New access strategy to help under-represented students find pathways to McMaster

Photo of campus in winter then through then doors of the University Club

McMaster is developing programs and supports to make it easier for academically qualified students from under-represented groups in the Hamilton and surrounding communities to access university education at the undergraduate level.

In collaboration with the Faculties, McMaster’s Student Affairs office and Office of Community Engagement are currently developing an access framework that will include outreach and admission strategies, as well as transition and retention programs to attract these students to McMaster and ensure their success through to graduation.

“There are bright, promising students in our community who, for any number of reasons, are facing barriers to postsecondary education,” says Sean Van Koughnett, Associate Vice-President (Students and Learning) & Dean of Students. “Increasing access opportunities for these students is an important priority of the university. It will enrich McMaster’s campus while making a meaningful contribution to our local communities.”
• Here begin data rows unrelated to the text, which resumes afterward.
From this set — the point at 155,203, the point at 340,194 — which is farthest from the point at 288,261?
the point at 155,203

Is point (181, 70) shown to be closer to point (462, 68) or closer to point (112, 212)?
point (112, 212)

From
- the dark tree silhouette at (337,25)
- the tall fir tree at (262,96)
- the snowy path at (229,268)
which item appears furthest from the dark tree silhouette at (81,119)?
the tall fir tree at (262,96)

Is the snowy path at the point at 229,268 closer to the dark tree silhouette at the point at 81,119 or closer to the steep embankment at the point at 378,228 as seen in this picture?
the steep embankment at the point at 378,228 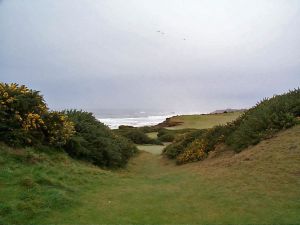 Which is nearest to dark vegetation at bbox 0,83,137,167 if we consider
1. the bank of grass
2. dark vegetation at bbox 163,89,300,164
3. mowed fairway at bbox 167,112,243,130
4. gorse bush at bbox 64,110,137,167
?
gorse bush at bbox 64,110,137,167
Celeste Licorish, McMaster's new Access Strategy program manager.
Celeste Licorish (pictured) is McMaster’s new access strategy program manager. Photo by Sarah Janes.

A campus-wide program manager reporting to the Office of Community Engagement, along with an Access Strategy Advisory Committee made up of stakeholders from across the university and community, will be responsible for the development and implementation of the framework.

Working in close collaboration with a wide range of community and campus partners, including the Hamilton public and Catholic school boards, a range of community-based organizations and service providers, and the City of Hamilton, as well as with representatives from Faculties, Student Affairs and other administrative units, the Program Manager and the Committee will work to enhance existing programs and develop new Faculty-specific approaches to engage and support under-represented students.

“We recognize that this work is complex and that it will require ongoing consultation and coordination,” says Jeff Wingard, co-director of the Office of Community Engagement. “That’s why it’s critical that we work collaboratively with our campus and community partners to build on successful programs and, over time, develop new initiatives that will meet the unique needs of under-represented students in our community.”

Under-represented students include those with disabilities, first-generation students, Indigenous students, racialized students – particularly youth from Afro-Canadian and Latin American communities – students from low-income families or neighbourhoods, adult learners new to postsecondary education, those from rural communities and students who would not have attended university without additional programs and supports.

With the support of Provost and Vice-President (Academic) David Farrar and Vice-Provost (Faculty) Susan Searls-Giroux, McMaster’s commitment to the development of a formal access strategy is the result of extensive consultation– facilitated by the Office of Community Engagement – with many community partners and stakeholders who identified the need to improve access to McMaster for under-represented groups as a significant community priority.

The development and implementation of programs related to the Access Strategy will begin in the coming weeks and months.